Beginner's Constraint Grammar HOWTO

From Apertium
Revision as of 13:02, 30 November 2010 by Vaskata (talk | contribs)
Jump to navigation Jump to search

General for CG

Constraint Grammar (CG) is a methodological paradigm for Natural language processing (NLP). Linguist-written, context dependent rules are compiled into a grammar that assigns grammatical tags ("readings") to words or other tokens in running text. Typical tags address lemmatisation (lexeme or base form), inflexion, derivation, syntactic function, dependency, valency, case roles, semantic type etc. Each rule either adds, removes, selects or replaces a tag or a set of grammatical tags in a given sentence context. Context conditions can be linked to any tag or tag set of any word anywhere in the sentence, either locally (defined distances) or globally (undefined distances). Context conditions in the same rule may be linked, i.e. conditioned upon each other, negated, or blocked by interfering words or tags. Typical CGs consist of thousands of rules, that are applied set-wise in progressive steps, covering ever more advanced levels of analysis. Within each level, safe rules are used before heuristic rules, and no rule is allowed to remove the last reading of a given kind, thus providing a high degree of robustness.

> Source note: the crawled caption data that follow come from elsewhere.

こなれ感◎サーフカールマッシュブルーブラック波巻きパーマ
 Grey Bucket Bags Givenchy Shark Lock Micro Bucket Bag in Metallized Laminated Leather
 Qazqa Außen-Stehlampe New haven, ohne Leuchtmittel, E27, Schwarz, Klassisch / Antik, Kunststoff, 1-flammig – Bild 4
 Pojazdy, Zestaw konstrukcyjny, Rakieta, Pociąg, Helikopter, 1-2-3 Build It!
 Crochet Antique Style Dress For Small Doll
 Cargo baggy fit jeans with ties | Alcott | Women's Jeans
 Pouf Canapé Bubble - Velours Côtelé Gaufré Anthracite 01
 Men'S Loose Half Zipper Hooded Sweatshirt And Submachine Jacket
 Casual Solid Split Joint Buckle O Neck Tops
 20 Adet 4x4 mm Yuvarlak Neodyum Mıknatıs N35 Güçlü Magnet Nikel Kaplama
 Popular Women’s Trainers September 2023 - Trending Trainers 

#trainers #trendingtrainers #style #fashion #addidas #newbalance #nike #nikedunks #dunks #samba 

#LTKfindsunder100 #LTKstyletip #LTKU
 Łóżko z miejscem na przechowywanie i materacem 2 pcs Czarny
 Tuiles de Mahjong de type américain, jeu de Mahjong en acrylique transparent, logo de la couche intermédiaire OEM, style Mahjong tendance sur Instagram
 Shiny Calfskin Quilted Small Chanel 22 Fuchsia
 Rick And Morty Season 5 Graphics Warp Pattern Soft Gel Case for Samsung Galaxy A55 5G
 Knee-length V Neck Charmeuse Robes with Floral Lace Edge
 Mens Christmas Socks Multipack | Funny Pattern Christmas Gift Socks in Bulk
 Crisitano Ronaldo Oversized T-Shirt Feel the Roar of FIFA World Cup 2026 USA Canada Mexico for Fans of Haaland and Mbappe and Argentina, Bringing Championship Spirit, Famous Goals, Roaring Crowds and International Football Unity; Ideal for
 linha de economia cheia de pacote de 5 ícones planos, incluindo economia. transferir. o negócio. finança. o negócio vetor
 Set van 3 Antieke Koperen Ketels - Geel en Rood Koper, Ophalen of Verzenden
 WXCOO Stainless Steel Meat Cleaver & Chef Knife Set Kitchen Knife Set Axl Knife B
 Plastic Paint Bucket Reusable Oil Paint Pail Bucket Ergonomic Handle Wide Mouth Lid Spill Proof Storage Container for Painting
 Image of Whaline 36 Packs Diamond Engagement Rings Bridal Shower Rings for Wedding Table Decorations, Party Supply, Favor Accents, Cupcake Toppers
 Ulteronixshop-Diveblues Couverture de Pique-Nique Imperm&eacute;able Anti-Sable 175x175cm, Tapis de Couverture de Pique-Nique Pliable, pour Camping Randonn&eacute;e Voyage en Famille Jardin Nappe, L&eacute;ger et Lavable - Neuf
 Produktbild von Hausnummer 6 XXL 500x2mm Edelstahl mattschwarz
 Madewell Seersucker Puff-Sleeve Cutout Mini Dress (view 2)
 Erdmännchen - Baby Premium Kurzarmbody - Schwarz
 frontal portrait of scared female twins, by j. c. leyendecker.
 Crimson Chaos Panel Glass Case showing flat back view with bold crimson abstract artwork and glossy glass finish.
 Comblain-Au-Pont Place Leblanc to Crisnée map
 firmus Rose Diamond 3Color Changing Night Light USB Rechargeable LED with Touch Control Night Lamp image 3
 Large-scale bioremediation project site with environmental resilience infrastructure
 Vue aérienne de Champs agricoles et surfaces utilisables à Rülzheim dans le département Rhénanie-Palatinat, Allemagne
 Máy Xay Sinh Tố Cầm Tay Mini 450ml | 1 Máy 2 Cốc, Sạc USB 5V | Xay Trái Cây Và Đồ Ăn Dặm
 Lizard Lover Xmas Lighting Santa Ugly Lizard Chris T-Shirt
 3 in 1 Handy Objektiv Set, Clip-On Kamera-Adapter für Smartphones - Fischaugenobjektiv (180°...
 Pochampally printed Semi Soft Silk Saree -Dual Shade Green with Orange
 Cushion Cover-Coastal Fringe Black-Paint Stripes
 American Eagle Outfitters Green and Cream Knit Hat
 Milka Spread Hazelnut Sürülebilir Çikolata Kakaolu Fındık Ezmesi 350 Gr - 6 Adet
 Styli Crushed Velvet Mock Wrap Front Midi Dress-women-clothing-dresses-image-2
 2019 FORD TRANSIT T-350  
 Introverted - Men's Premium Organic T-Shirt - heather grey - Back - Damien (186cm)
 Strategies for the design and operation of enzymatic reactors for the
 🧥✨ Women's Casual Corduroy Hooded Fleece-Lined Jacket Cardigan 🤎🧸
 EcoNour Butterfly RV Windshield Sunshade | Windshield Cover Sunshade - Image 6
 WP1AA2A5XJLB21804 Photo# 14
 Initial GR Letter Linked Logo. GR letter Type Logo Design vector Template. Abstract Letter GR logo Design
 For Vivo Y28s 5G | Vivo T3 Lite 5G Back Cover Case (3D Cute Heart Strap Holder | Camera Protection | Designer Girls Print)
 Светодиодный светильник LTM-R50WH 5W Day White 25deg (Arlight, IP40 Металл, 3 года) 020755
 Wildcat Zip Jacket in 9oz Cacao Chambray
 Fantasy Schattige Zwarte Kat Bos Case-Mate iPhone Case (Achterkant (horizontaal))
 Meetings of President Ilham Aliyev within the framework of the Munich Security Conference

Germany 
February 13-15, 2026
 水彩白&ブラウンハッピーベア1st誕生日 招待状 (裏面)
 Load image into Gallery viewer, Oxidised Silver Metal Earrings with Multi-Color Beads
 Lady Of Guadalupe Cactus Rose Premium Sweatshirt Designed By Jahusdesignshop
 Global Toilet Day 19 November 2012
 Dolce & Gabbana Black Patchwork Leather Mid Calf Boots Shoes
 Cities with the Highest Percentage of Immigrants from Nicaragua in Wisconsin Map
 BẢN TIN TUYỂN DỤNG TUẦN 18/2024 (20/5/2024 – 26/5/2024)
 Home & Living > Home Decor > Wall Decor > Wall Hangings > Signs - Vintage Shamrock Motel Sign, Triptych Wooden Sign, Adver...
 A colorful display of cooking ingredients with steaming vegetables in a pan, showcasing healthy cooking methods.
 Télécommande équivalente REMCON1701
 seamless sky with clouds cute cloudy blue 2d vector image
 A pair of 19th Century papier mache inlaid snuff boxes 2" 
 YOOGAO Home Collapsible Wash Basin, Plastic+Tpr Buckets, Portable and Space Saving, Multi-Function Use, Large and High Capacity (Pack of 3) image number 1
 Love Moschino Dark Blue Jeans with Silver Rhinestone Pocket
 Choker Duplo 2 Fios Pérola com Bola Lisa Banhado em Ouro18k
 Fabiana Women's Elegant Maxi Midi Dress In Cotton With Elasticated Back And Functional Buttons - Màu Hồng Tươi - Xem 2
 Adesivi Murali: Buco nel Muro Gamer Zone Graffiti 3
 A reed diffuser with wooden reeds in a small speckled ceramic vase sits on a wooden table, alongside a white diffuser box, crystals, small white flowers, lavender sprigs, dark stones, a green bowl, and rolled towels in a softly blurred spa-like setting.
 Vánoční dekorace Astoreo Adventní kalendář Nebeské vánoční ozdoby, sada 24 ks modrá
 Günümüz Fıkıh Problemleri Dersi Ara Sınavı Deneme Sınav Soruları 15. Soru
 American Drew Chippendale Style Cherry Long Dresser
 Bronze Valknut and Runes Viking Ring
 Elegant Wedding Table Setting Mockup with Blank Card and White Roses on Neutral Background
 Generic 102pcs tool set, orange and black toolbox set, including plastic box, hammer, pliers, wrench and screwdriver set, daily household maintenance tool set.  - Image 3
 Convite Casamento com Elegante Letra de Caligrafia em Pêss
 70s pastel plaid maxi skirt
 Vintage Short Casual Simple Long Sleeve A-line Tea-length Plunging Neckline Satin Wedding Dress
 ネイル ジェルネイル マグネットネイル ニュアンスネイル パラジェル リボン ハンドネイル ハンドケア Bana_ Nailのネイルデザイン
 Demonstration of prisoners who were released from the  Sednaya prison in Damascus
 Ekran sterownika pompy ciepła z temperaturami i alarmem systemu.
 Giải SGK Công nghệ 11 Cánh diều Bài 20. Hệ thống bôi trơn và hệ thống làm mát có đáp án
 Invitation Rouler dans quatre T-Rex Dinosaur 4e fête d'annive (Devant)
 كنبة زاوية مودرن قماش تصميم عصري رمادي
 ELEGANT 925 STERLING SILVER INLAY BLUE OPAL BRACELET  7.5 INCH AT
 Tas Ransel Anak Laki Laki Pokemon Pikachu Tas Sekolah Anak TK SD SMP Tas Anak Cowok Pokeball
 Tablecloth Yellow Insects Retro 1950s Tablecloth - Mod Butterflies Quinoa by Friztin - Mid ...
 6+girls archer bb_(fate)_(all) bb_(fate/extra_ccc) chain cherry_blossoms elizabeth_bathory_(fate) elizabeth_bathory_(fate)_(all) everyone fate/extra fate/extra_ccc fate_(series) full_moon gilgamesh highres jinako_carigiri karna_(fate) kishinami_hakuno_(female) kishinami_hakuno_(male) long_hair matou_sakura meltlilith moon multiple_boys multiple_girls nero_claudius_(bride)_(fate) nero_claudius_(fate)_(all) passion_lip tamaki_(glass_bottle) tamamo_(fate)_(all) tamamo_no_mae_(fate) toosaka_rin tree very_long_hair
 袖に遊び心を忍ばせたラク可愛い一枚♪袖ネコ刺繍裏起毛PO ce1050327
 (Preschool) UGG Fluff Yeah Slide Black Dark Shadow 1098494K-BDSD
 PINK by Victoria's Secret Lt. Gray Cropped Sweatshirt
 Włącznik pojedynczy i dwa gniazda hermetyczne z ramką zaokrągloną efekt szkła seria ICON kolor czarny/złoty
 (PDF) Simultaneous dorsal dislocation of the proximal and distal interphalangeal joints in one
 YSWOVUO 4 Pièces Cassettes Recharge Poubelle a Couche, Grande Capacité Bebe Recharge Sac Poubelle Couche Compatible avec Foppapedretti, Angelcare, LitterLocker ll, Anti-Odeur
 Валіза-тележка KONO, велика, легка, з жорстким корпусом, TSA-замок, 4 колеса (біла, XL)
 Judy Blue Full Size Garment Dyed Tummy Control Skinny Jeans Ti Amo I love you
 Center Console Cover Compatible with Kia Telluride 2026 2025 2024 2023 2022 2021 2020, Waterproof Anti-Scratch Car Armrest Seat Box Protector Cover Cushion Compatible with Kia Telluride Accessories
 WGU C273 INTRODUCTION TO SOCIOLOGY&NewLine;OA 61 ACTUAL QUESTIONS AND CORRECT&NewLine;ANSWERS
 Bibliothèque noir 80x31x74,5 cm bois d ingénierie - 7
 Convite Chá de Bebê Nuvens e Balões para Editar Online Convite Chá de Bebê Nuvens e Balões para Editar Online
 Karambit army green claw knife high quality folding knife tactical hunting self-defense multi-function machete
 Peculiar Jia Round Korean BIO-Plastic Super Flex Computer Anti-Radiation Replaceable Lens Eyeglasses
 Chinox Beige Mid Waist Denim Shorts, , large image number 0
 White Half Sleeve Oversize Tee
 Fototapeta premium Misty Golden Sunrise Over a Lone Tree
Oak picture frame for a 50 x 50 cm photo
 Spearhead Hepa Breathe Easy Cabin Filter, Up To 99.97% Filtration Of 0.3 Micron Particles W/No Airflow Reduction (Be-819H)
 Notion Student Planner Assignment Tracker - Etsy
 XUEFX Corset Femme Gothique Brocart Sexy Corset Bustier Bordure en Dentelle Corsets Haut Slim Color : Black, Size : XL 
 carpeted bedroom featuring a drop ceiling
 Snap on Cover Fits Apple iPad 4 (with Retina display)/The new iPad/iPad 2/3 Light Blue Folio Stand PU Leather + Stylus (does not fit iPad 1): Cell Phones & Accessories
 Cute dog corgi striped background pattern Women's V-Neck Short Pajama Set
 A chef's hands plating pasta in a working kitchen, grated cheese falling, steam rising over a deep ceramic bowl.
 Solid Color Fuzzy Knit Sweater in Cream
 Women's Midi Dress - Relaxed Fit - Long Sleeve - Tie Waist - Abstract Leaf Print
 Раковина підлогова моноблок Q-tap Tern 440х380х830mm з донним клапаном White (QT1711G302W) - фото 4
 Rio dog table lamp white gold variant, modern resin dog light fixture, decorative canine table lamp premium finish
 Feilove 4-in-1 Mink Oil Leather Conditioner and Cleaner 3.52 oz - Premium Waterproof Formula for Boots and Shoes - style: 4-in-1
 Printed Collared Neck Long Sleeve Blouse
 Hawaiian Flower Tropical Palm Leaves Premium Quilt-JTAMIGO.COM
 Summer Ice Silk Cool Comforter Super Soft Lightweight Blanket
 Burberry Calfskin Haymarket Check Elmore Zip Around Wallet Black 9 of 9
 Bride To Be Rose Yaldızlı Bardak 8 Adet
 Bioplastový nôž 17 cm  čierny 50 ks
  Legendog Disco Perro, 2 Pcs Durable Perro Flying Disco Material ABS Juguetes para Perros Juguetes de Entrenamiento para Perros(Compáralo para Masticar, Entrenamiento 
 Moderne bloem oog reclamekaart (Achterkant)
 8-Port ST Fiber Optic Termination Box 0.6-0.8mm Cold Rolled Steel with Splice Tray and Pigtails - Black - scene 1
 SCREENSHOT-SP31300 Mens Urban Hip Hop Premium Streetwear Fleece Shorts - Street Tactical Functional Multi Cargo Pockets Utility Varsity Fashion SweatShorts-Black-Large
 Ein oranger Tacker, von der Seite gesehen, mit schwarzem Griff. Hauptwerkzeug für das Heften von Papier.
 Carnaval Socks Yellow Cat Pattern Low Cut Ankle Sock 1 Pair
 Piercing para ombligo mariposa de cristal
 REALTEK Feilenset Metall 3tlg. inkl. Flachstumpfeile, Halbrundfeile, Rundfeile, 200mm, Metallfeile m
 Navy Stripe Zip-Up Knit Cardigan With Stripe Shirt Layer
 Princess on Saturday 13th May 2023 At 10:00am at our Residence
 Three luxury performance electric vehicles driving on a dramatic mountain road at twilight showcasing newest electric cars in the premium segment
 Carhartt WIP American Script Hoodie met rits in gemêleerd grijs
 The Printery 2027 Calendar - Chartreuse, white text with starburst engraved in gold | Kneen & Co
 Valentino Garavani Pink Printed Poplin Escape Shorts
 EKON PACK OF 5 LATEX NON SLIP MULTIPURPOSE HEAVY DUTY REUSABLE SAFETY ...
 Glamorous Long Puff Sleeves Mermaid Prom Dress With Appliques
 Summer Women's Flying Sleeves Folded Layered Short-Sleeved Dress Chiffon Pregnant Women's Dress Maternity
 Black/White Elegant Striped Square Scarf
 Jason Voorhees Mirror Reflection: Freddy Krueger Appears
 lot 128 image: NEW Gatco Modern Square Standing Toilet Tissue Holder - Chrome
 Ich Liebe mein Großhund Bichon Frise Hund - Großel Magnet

The Constraint Grammar concept was launched by Fred Karlsson in 1990 (Karlsson 1990; Karlsson et al., eds, 1995), and CG taggers and parsers have since been written for a large variety of languages, routinely achieving accuracy F-scores for PoS (word class) of over 99%. A number of syntactic CG systems have reported F-scores of around 95% for syntactic function labels. CG systems can be used to create full syntactic trees in other formalisms by adding small, non-terminal based phrase structure grammars or dependency grammars, and a number of corpus/treebank projects have used Constraint Grammar for automatic annotation. CG methodology has also used in a number of language technology applications, such as spell checkers and machine translation systems.


VISLCG3

What is vislcg3


Vislcg3 is the newest parser generation from Odense. As its predecessor, vislcg, it is open source. Vislcg3 is licensed under GPL.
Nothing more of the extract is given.